さてここからは、イップスを発症した方に向けた、克服のための具体的なアドバイスを綴ります。
上記のとおり、「自分について分かっていない」というのが原因。
とはいえ、自分について分かろうとして、過去の生い立ちをさかのぼって振り返るのは、難しいかもしれません。
期間が、長すぎるからです。
いえ、1年、1か月、1日だって、長すぎる。
自分について、本当に明確かつ具体的かつ客観的に分かるには、「今・ここ・この瞬間」の自分であれば、間違いがありません。
これが、自分について分かる「確かな方法」です。
▶身体を観察する
しかし、思考や感情といった捉えにくい対象について分かるには、慣れないと難しいでしょう。

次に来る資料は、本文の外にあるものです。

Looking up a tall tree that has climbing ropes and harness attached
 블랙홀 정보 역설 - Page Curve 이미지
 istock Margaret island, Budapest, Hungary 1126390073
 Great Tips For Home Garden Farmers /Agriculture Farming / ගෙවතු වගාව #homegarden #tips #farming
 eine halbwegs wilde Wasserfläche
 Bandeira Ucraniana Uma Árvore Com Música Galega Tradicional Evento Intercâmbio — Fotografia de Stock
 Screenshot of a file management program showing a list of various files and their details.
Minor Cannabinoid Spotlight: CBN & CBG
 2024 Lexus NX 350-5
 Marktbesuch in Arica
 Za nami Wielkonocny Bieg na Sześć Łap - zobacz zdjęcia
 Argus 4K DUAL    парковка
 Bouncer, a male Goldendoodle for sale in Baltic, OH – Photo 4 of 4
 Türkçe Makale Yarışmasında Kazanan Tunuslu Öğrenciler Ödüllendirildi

ですから「座る」「立つ」「歩く(右足・左足)」といったような動作(身体)的な対象から取り組むのが、段階的かつ速やかに、イップスを克服するための手ほどきとなる。
動作(身体)が変われば、思考、感情も変わります。
よく言われるのが、楽しい(感情)から、笑う(動作)のではない。
笑う(動作)から、楽しくなる(感情)のに似ています(関連記事「『やる気』はあとからついてくる」)。
具体的なテニスのシーンに当てはめれば、心が緊張するから(感情)、スイングが縮こまる(動作)のではない。
「慎重にプレーしよう」として縮こまったスイングをする(動作)から、心が緊張する(感情)のです。
なので萎縮を解きほぐすには、「慎重にプレーしよう」などとするのではなくて、「いつも通りのスイング」を心がければ、心の緊張も緩和するしだいです。
▶「行ったり来たり」で落ち着く
具体的なドラマの一場面に当てはめれば、妻の出産を待つ分娩室の前で、夫がせまい廊下の端から端を、行ったり来たりするシーンをご覧になったことはないでしょうか?
そうして行ったり来たりする身体動作を通じて、心を落ち着かせようとしているのであり、実際に落ち着くのです。
動作(身体)が変われば、思考、感情も変わります。
食べ物が変われば身体が変わるように、自分についての理解が変われば、イップス症状も、ものの見事に変わります。